Below are the records; give again exactly the lines from the one containing "view of patio" through the one containing "Golden gift box", leaving out pictures.

───── Data supplied ─────

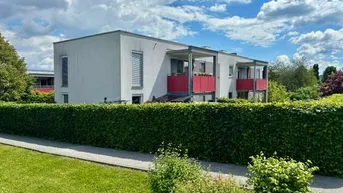 Modernes Gebäude mit weißer Fassade und roten Balkonen, umgeben von einer grünen Hecke unter blauem Himmel.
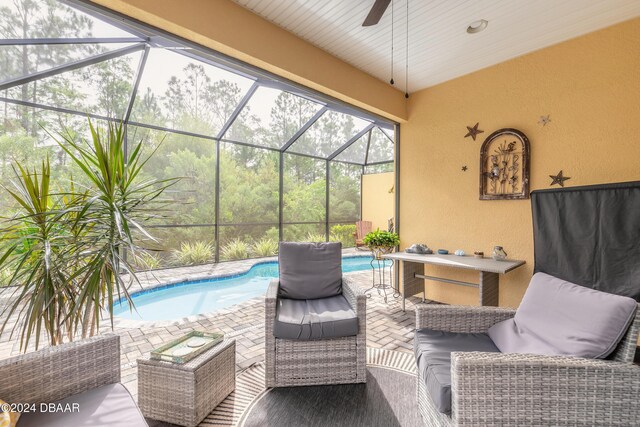 view of patio / terrace featuring an outdoor living space and a lanai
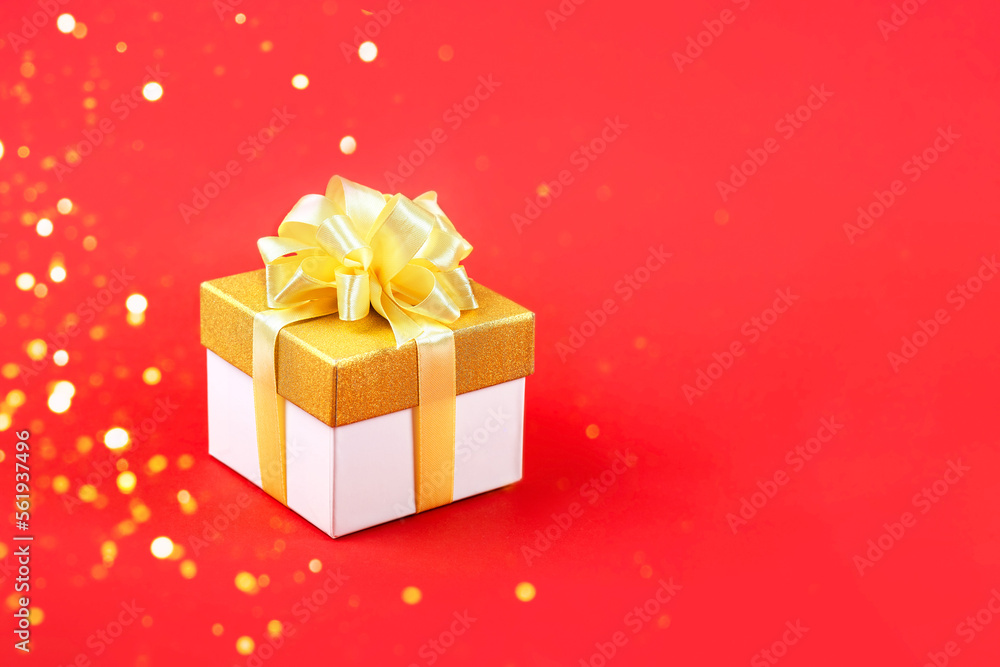 Golden gift box with a satin ribbon bow on red background for a holiday. Happy Valentine's Day, Mother's Day and birthday greeting card.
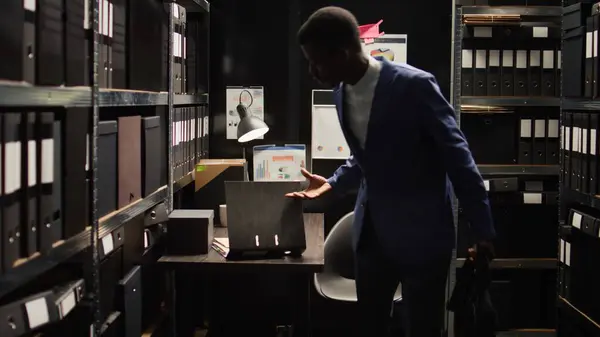 Male private investigator exits office room after packing his personal computer and closing it. African american police officer setting up his desk, organising paperwork, and carrying his laptop bag.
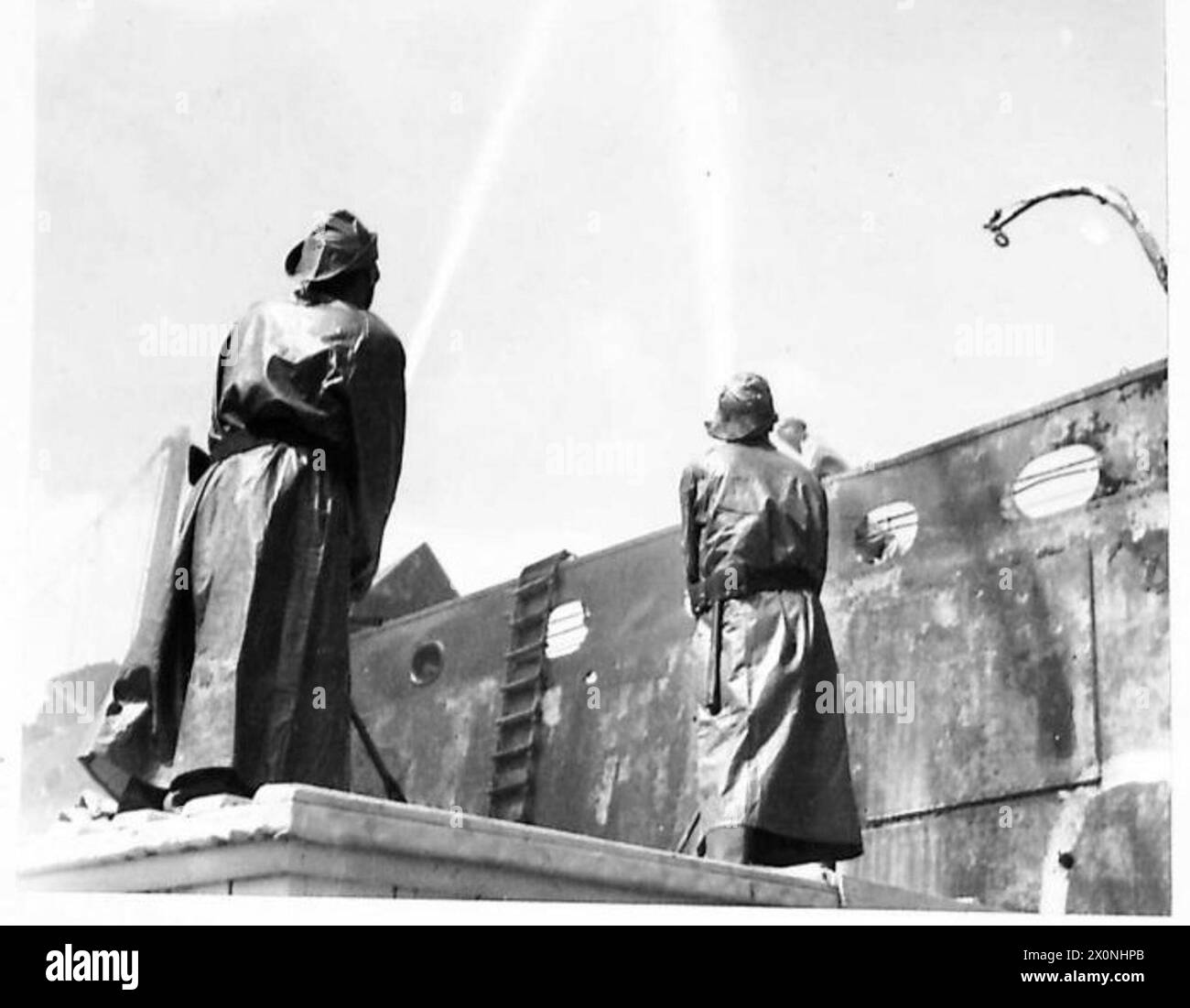 Deux pompiers de l'armée utilisent des tuyaux à angle élevé pour atteindre les flammes sur les ponts d'un navire en feu à Trieste. Banque D'Images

─────

• Worked solution:
 view of patio / terrace featuring an outdoor living space and a lanai
 Golden gift box with a satin ribbon bow on red background for a holiday. Happy Valentine's Day, Mother's Day and birthday greeting card.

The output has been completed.